### Your instructions
Go through the listing below and retype exactly the lines starting at the one with "Stokke® YOYO Footmuff" and ending at the one with "House for sale in Rosharon, Texas", skipping pictures.

### Dataset excerpts

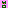 Cyber Tx #11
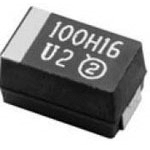 TH3A475K020C5000Vishay Sprague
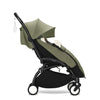 Stokke® YOYO Footmuff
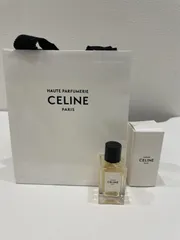 2023年最新】セリーヌ 香水 パラードの人気アイテム - メルカリ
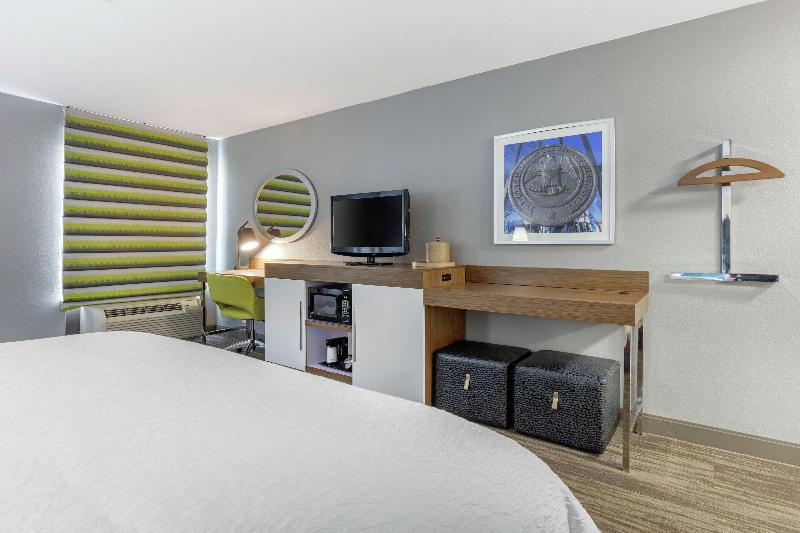 اتاق لوکس, Grape Town Hotel   Park79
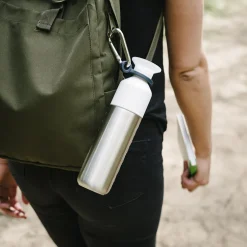 Bärkrok Dopper Carrier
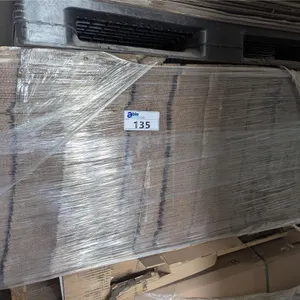 PALLET OF APPROX 900 CARDBOARD FLATS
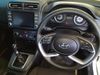 Hyundai Creta 1.5 Premium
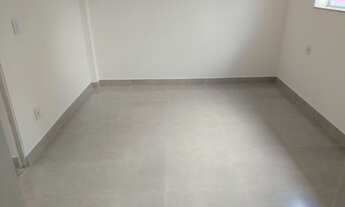 Imagem 4: Belo Horizonte - Kitchenette/Conjugados - Prado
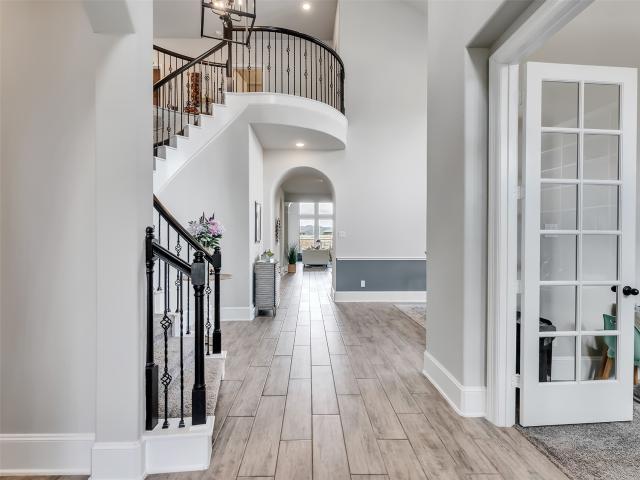 House for sale in Rosharon, Texas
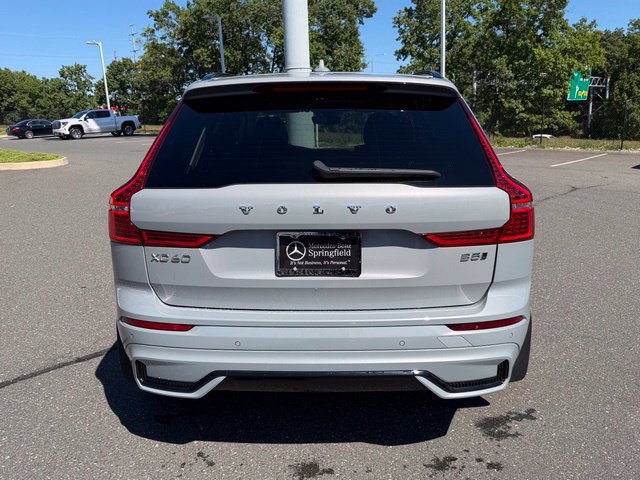 Used 2024 Volvo XC60 B5 Plus w/ Climate Package AWD/4WD image 6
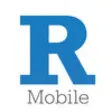 Icon of program: ReadSoft Mobile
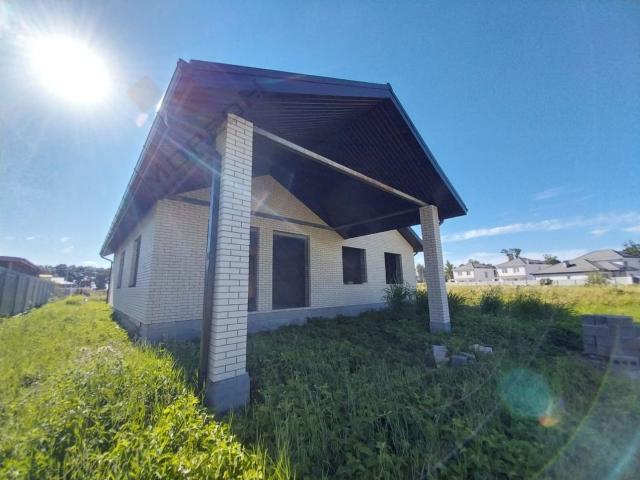 Квартира продажа в Динской р-н, Краснодарский Край
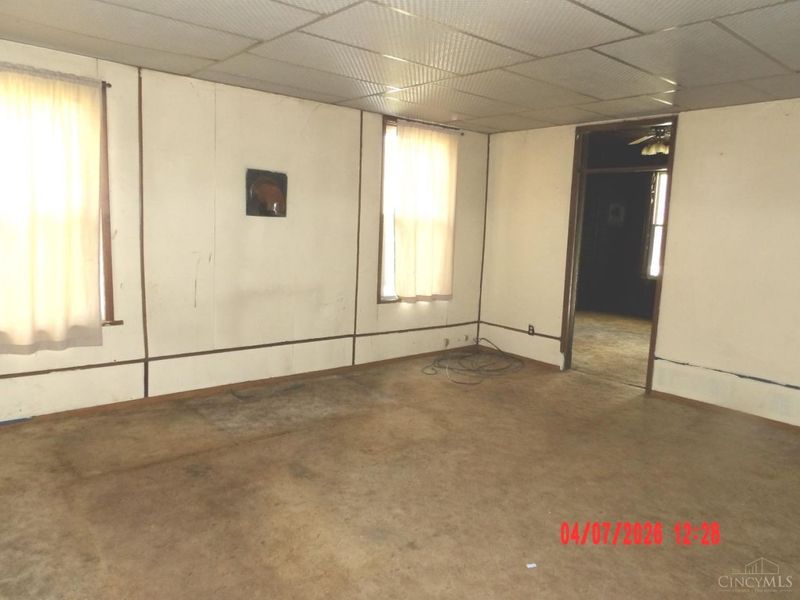 1165 State Route 41, Sprigg Twp, OH 45144 Photo 12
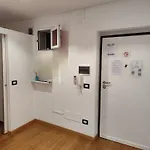 公寓 A Casa Di Malu *
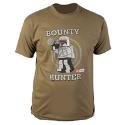 LEGO Star Wars T-Shirts (Bounty Hunter Medium)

### Answer for the task
 Stokke® YOYO Footmuff
 2023年最新】セリーヌ 香水 パラードの人気アイテム - メルカリ
 اتاق لوکس, Grape Town Hotel   Park79
 Bärkrok Dopper Carrier
 PALLET OF APPROX 900 CARDBOARD FLATS
 Hyundai Creta 1.5 Premium
 Imagem 4: Belo Horizonte - Kitchenette/Conjugados - Prado
 House for sale in Rosharon, Texas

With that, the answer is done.